Brazil opens its eyes for the potential generated by biomass, which will receive 26 billion dollars till 2040
The world is passing by a large and quick transformation, transferring high investments for renewable technologies and escaping from pollutant sources of energy. The Energy Outlook Report produced by Bloomberg shows that the area of energy generated from biomass in Brazil will receive US$ 26 billion in investments till 2040. This is attracting the attention from investors of the energy industry.
Biomass plants are benefited by simple environmental licensing processes, plenty of fuel in Brazil and possibility of coming as a by-product of other activities, in addition to easy location near the largest centers of consumption, reducing transmission costs.
Currently, power generation plants from biomass have a total of 14.3 GW installed in the country, according to EPE. The Plano Decenal de Expansão de Energia (PDE – Ten-year Plan of Energy Increase) for 2024 projects an increase of this source, which will reach an installed capacity of 18 GW in December, 2024 and indicates that a wide potential of innovation is available.
Initially, sugar cane was used to produce power to fulfill the necessities of the producing units. But with the increase of the energetic efficiency of the industry, power surplus passed to be sold, increasing the importance of its use in the energy matrix of the country.
Since 2016, biomass became again the second most important source of generation of Brazil in the Oferta Interna de Energia Elétrica (OIEE – Internal Offer of Electric Energy), when a level of 8.8 percent was achieved, overpassing the 8.1 percent of natural gas, according to the Ministry of Mines and Energy (MME). From a generation total of 54 TWh from biomass in 2016, sugar cane bagasse and straw contributed with 36 TWh, 67 percent of power generation. According to the MME, Brazil closed 2016 with a total of 82.7 percent of renewable sources in the Internal Offer of Electric Energy, above the 75.5 percent from 2015.
The research carried out by IEA Bioenergy Task 40 – bioenergy specialized division of the International Energy Association (IEA) indicates that Brazil is the country that uses more biomass for power production, corresponding to16 percent of the world use in the area.
Next are USA (9%) and Germany (7%). The 15 top countries of this list correspond to 65% of the global use of biomass in the energy matrix. Currently, biomass represents approximately 10 percent of the global power production. Ethanol is the main bio-fuel in Brazil and United States. In Europe, biodiesel leads the market of liquid bio-fuels.
The combined capacity of Brazilian ethanol plants was of approximately 43 billion liters per year. Sugar cane is the main input for ethanol production. Significant quantities of Brazilian ethanol were exported to USA, South Korea and Japan since 2004.
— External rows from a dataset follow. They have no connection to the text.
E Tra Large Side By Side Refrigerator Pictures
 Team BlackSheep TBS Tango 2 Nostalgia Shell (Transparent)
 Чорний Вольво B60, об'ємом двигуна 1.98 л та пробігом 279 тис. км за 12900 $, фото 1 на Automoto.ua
Investments for new plants in Brazil are being reduced, at the same time that importations from USA are increasing. While 430 plants are operating in Brazil, there are more than 200 plants for ethanol production in the USA. But American plants are quite larger.
Another important component in power production is the charcoal. Brazil is its higher producer. Just in 2010, 6.3 million tons of charcoal were produced in the country, what corresponds to 14 percent of the total world production. More than 80 percent of this total is used by the industrial area.
The use of biomass for power production purposes is increasing in the whole world. A significant number of new large plants not only for processing and refining biomass but also for transporting energy (bio-fuels) and for converting biomass in heat and energy are being built all over the world.